Kumi Kato

tamayura –玉響 (dew resonance) a drop of dew on a leaf in early morning before sunrise, which will stay only for a short time and be gone by the time the world wakes up
sanshisuimei - 山紫水明 a mountain range glows in the purple pink sunlight, and reflects in the clear water in a serene silence
shinonome – 東雲 (east cloud) just before the sunrise, the lower edge of the clouds become pink, just before the entire Eastern sky emerges in the light. It is still dark and things can be only seen as silhouettes
shimonokane – 霜の鐘 (frost bell) total silence of a cold night with sharp clear air – it is so crystal clear you can hear the sound of frost forming
ukō – 雨香 (fragrant rain) fresh smell of flowers and plansts brought out just before the rain starts to fall

These moments of beauty, serenity and ephemeral can only be “seen” if we listen attentively with all our senses. They are the moments of a-wa-re - when we are so moved by the transient fragility of things passing, both human and non-human worlds.
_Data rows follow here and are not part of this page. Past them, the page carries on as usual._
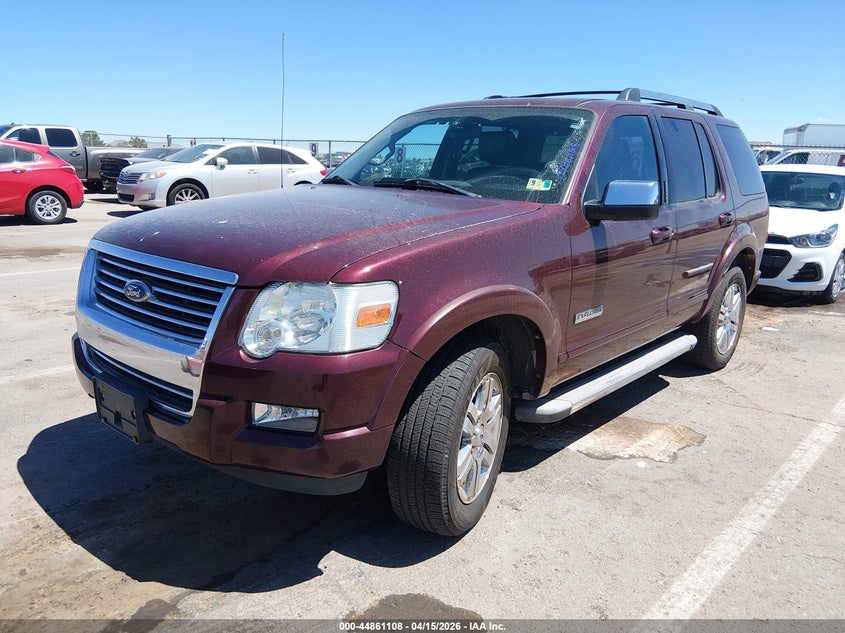 2006 Ford Explorer Limited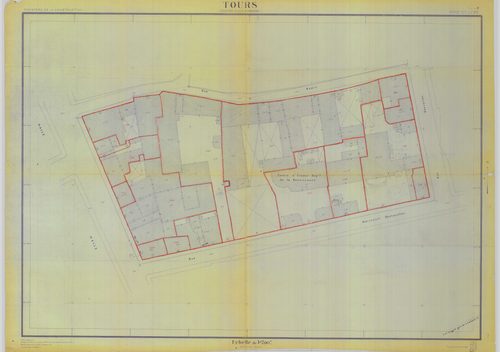 Place Plumereau, planche 9bis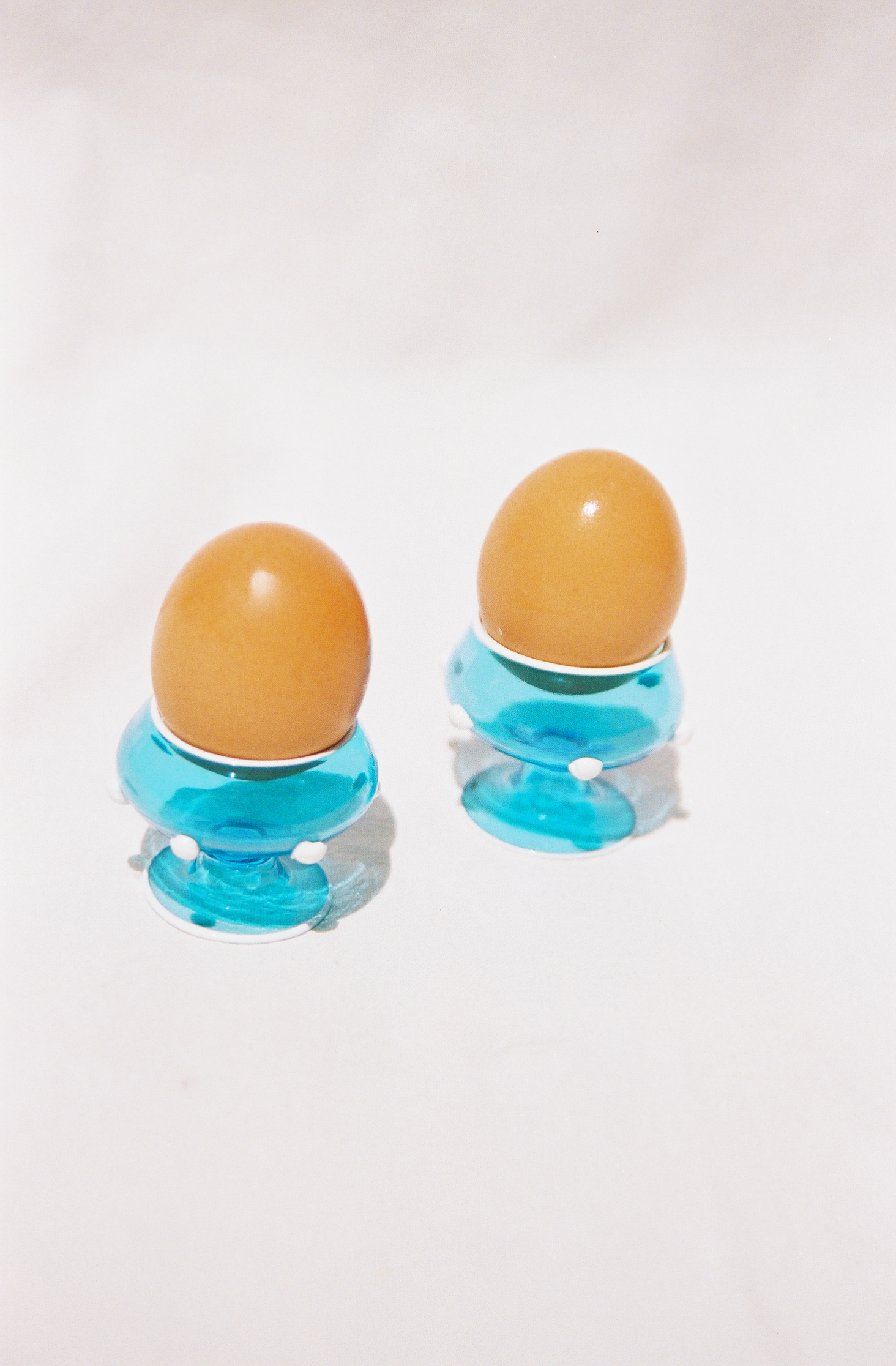 murano egg cups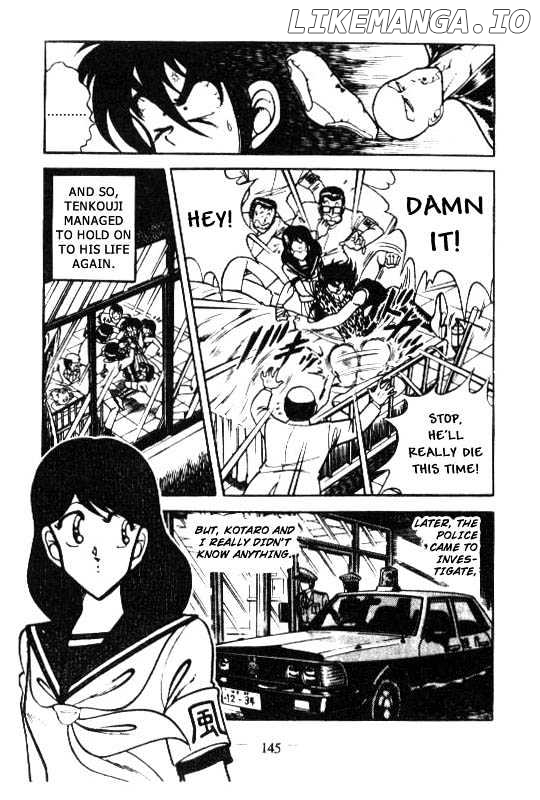 Kotaro Makaritoru chapter 55 - page 5
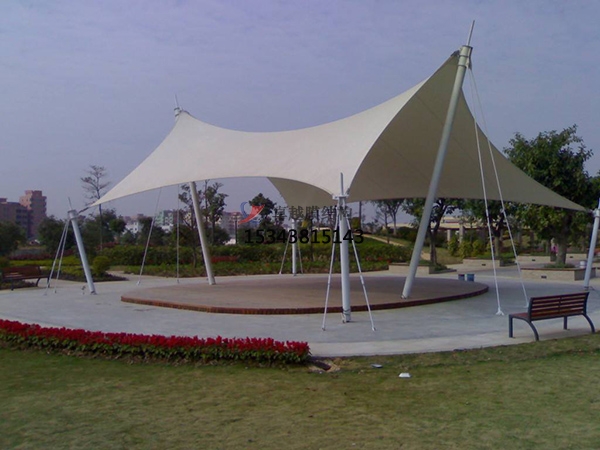 贛州膜結(jié)構舞臺【生產(chǎn)設計】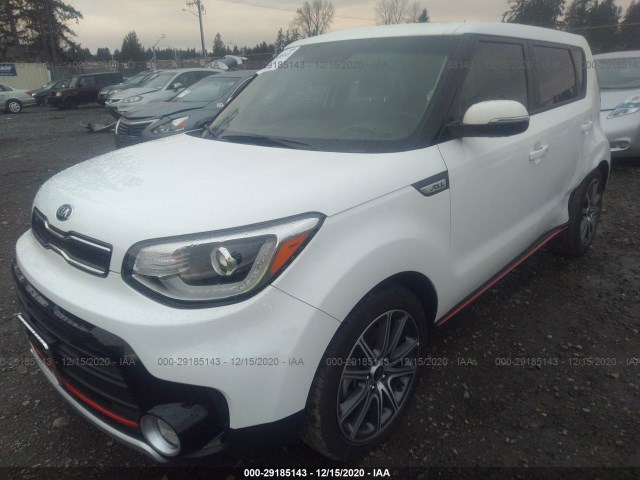 Photo 1 VIN: KNDJX3AA0J7552096 - KIA SOUL 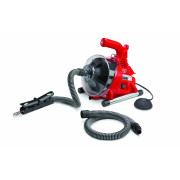 RIDGID PowerClear drezová čistička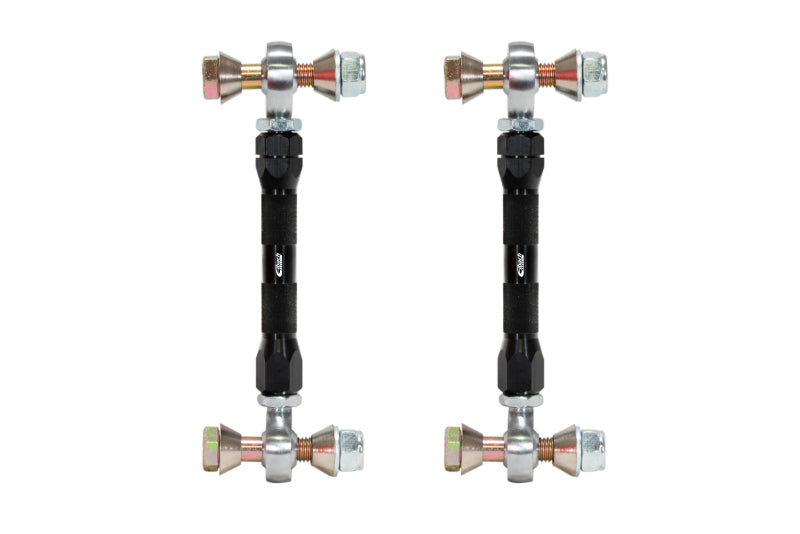 Eibach Front Adjustable Endlink Kit for 2011-2019 Dodge Charger R/T (Excludes Self Leveling) AK41-27-008-01-20
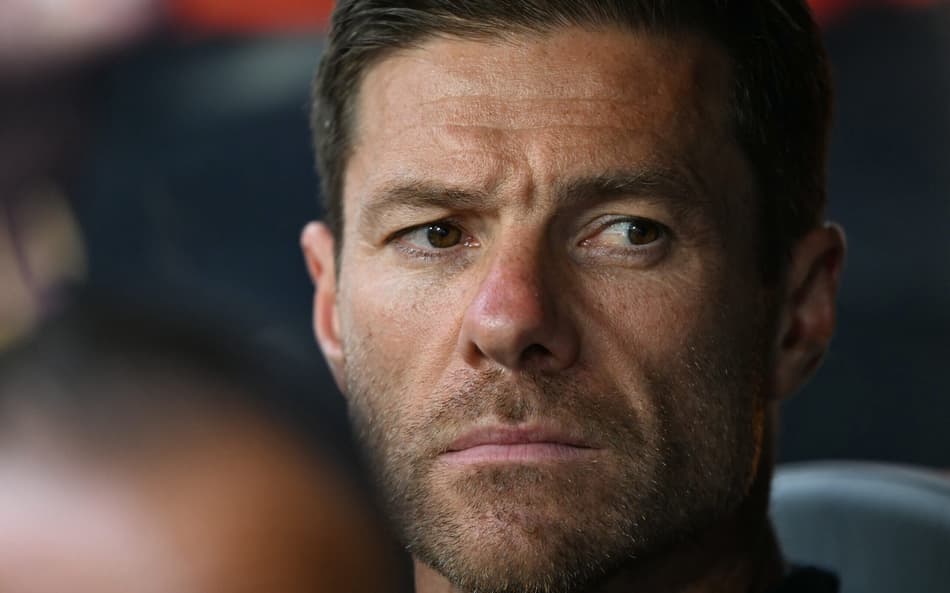 Xabi Alonso durante o jogo entre Real Madrid e Juventus, pelo Mundial de Clubes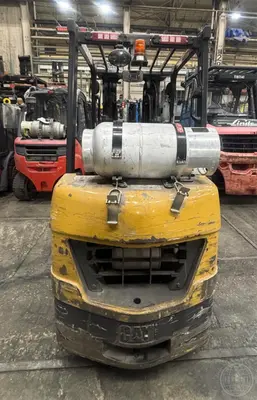 Used 2021 CATERPILLAR 2C5000 Misc Forklifts Illinois US | Forklift Exchange #1273112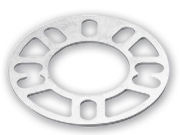 Speco Thomas 5 Stud Wheel Spacer 8mm Pair WS5000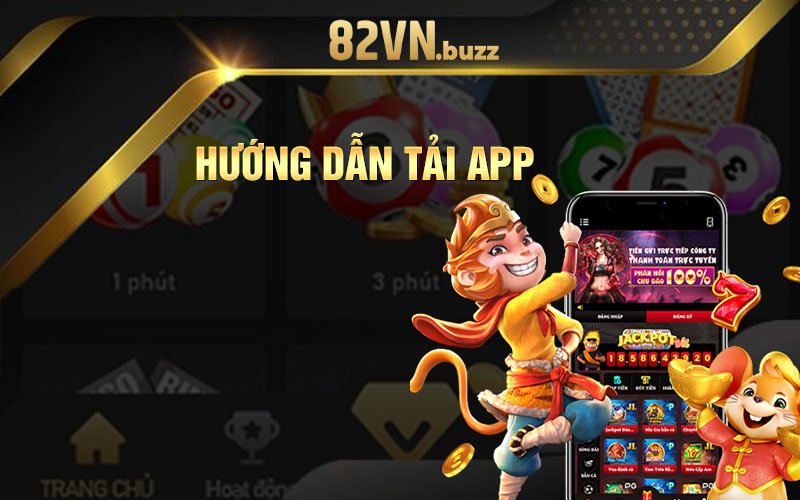 Tải app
Perhaps with such mindful listening, we can capture a peaceful space that actually exists in every part of our life.

Kumi Kato teaches environmental studies at Wakayama University, Japan. She is also a research affiliate at the UQ and Cheju National University, South Korea. Her work is best described "creative ideas & expressions for sustainability”, and especially interested in the role of sounds in articulating human-nature connectivity. With her totally multi-disciplinary approach, she sees herself as a positive activist, who acts on, building on people’s strength, good-will, trust, celebration, beauty and joy. She founded an Australia-based not-for-profit organisation ecco: exchanging culture for conservation (http://www.ecco.org.au/), which supports diverse range of creative projects for sustainability, including this “Creative Conservation 3”.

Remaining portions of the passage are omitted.